- [EXERCISE GOAL]:
Reproduce exactly the line with "นาฬิกาใกล้ฉัน Mido Multifort" and every line that follows it below, up to and including the last one. Do not include pictures or anything else.

Web page caption snippets

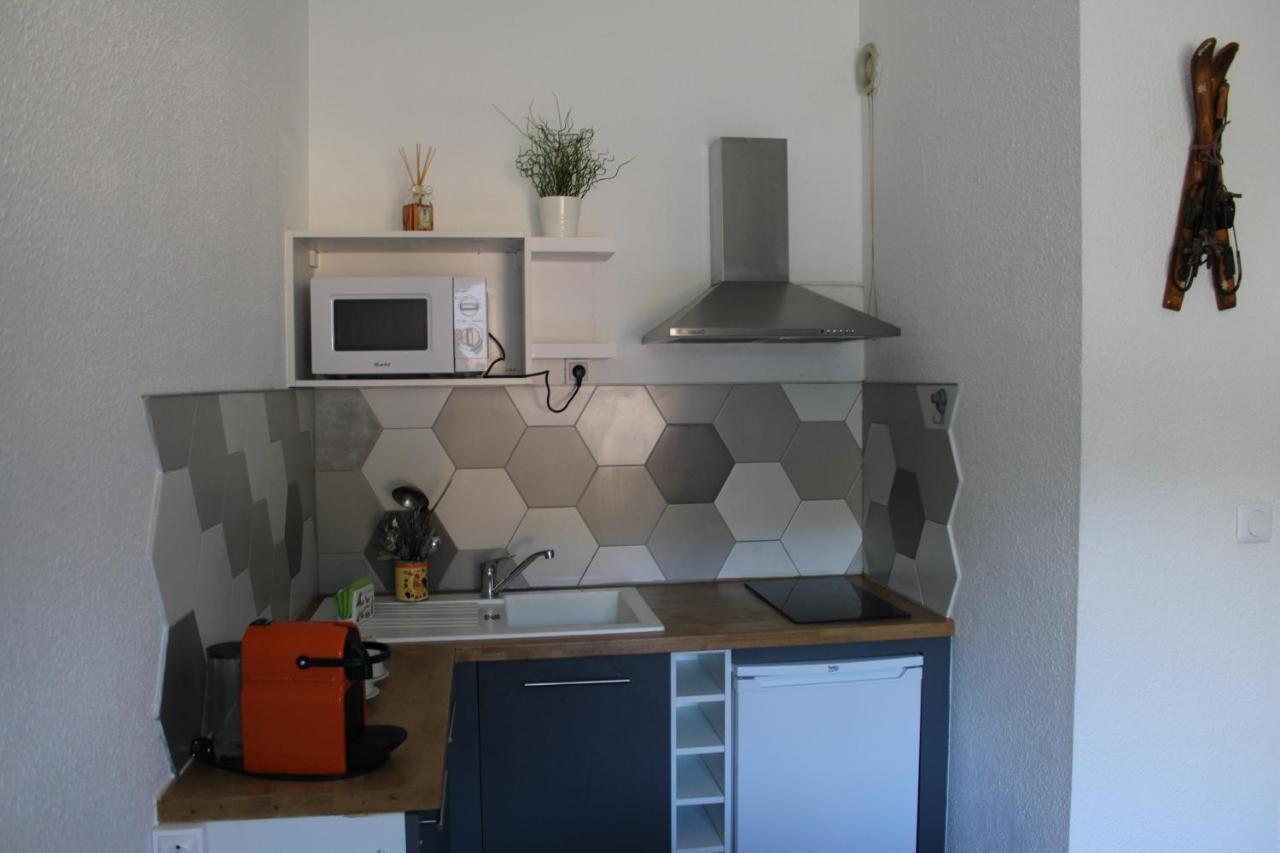 Studio Isard, Wifi Et Parking Gratuit, Navette Gratuite Au Pied De La Residence, Possibilite Forfait Menage Et Location Linge De Lit Et Toilette, A 10 Minutes A Pied Du Centre Ville Font-Romeu-Odeillo-Via 외부 사진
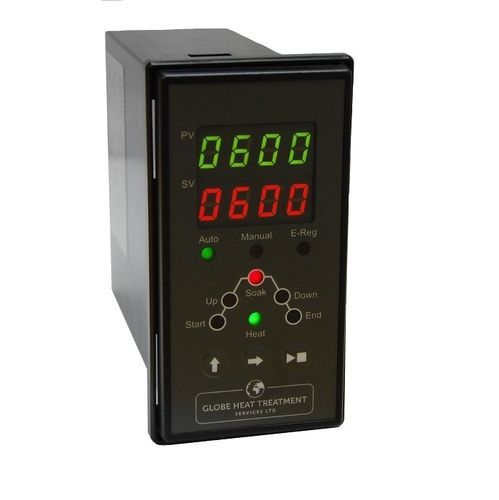 Controlador de temperatura digital - P159TDA - Globe Heat - con doble display / programable / monovía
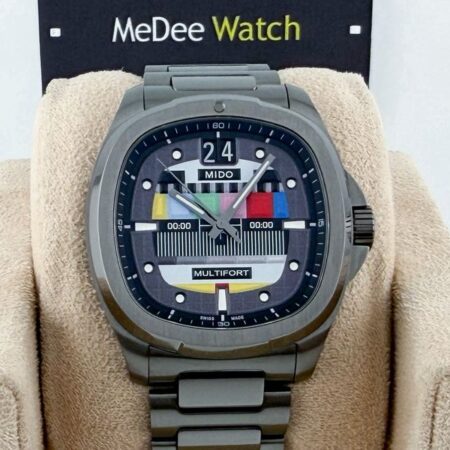 นาฬิกาใกล้ฉัน Mido Multifort TV Big Date S01E02 Special Edition M049.526.33.081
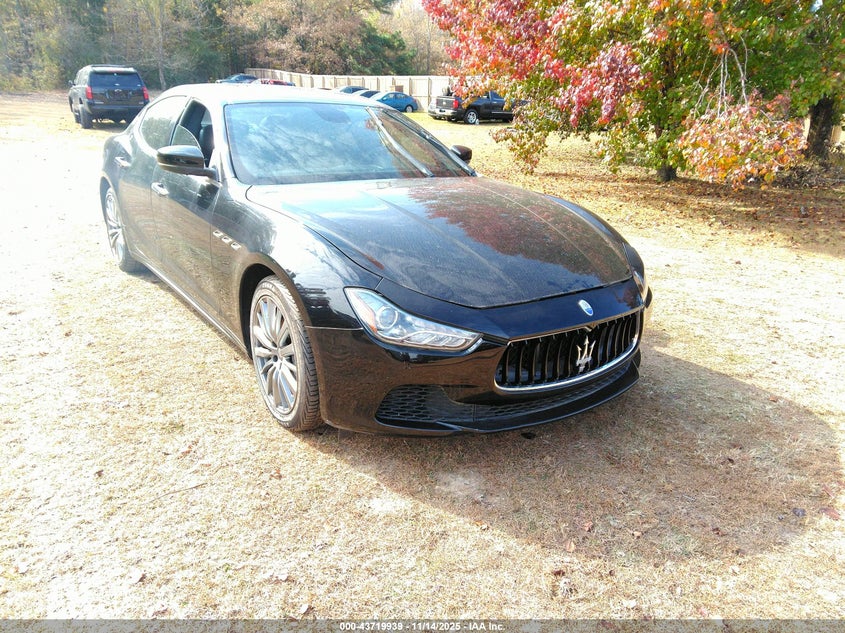 MASERATI GHIBLI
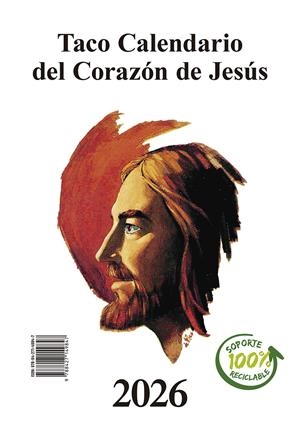 Taco Calendario del Corazón de Jesús - Grande - 2026 | 9788427149809 | Grupo de Comunicación Loyola. | Librería Castillón - Comprar libros online Aragón, Barbastro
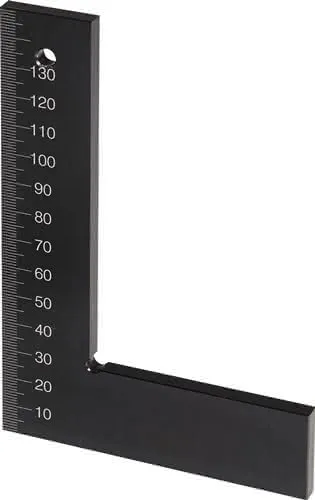 Winkel DIN 875/I Schenkel-L.300x200mm o.Anschlag Alu.PROMAT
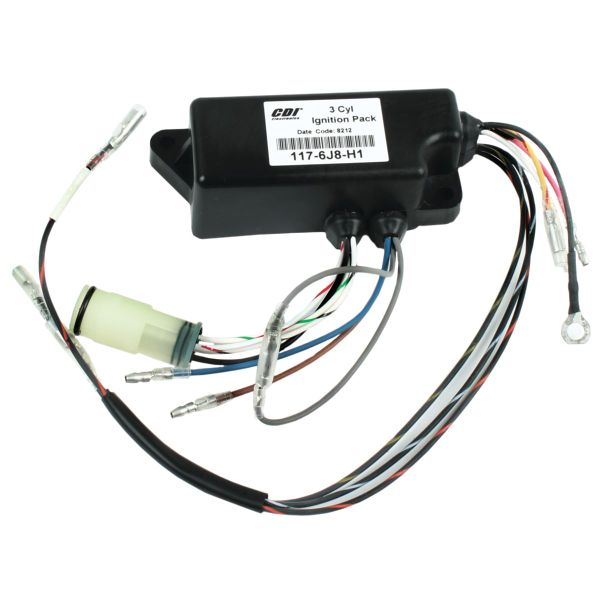 CDI Ignition Pack for Yamaha 3 Cylinder Marine Engines with Limit and OHRC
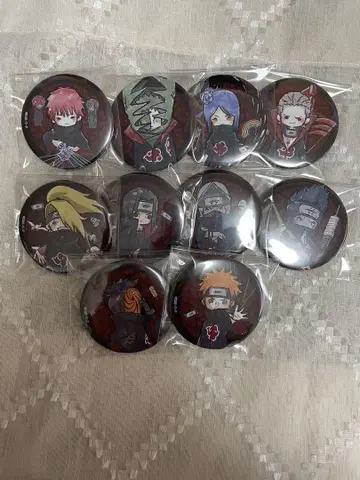 NARUTO 아카츠키 캔뱃지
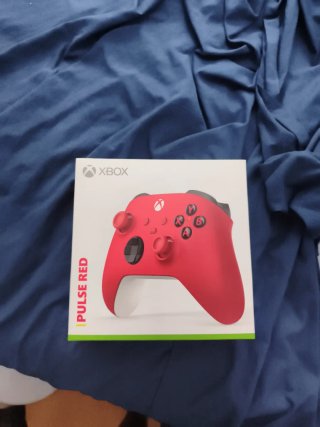 Mando Xbox Pulse Red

- [SOLUTION TO THIS PROBLEM]:
 นาฬิกาใกล้ฉัน Mido Multifort TV Big Date S01E02 Special Edition M049.526.33.081
 MASERATI GHIBLI
 Taco Calendario del Corazón de Jesús - Grande - 2026 | 9788427149809 | Grupo de Comunicación Loyola. | Librería Castillón - Comprar libros online Aragón, Barbastro
 Winkel DIN 875/I Schenkel-L.300x200mm o.Anschlag Alu.PROMAT
 CDI Ignition Pack for Yamaha 3 Cylinder Marine Engines with Limit and OHRC
 NARUTO 아카츠키 캔뱃지
 Mando Xbox Pulse Red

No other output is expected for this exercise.